Has been long time since I don’t post. So, here I am, with the song “Lucille” by BBKing plugged in my hear.
I find difficult to stay attached to something, and more difficult to stay attached to someone.
I find difficult to believe that one ideal stays. That values stay. That ideas stay. That people around me stays. That a project stays. I wake up everyday as if it was my first time. Everything to build again. Everyone to start loving again. A dream to be dreamed again. A project to be projected again. The love my aunt has for me, that love to be win again.

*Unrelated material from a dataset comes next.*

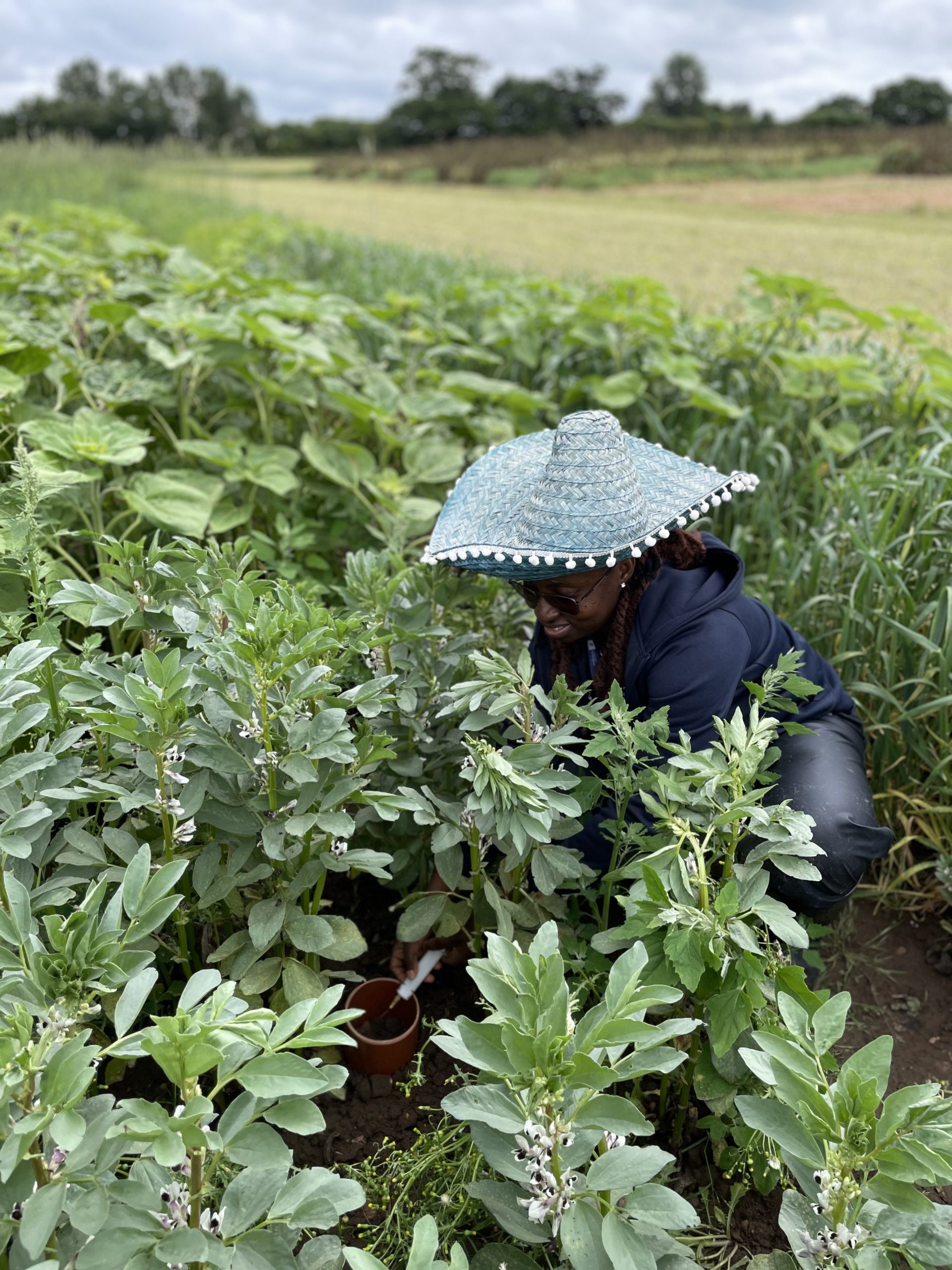 Publication: Improving Annotation, Access, and Comparison of Nutritional Composition Data for Underutilised Crops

It’s the idea that I had yesterday still here, still in my brain? If I would be free, but free for real, well, what would I do? Where would I go and with who?
I’m lost, am I therefore free?
I have no home, no parents, no education.
I have a blog that I barely check. I have strong dreams during the night. I see billion faces over the day, and I can’t forget them when I go home. I have too many passions, or probably none. I pay the rent gambling on cards. Somedays I feel my life is great, and important, and something that someone cares about. I care about. Somedays I don’t feel a thing.
As we were trapped in something, we’re trapped inside the web, or inside a commitment, or a marriage, or a job we don’t like, or a concept of freedom we made up to survive.
I’d like to enter in a project or in a house, or in a relationship or in a boat, or in a radio, or in a studio, and say let’s start from here. Start from zero, and stay there all my life, and advance in the position year by year, slowly gradually, and gradually do something in that thing. The world is too big for me, and it became too small: the possibilities are so many, and -by traveling- I realize that the distances between a place and an other are so short, that you can actually do everything in your life, and so why I should not? And so I will. And I’m scared that at the end I won’t have anything real, just a bunch of plane tickets and cut experiences.
My life is a video filled with jump cuts. Hard to watch. To understand. Hard to feel. Hard to remember. Hard heart. Malleable brain. And at the end, in my hands always nothing, if not a keyboard.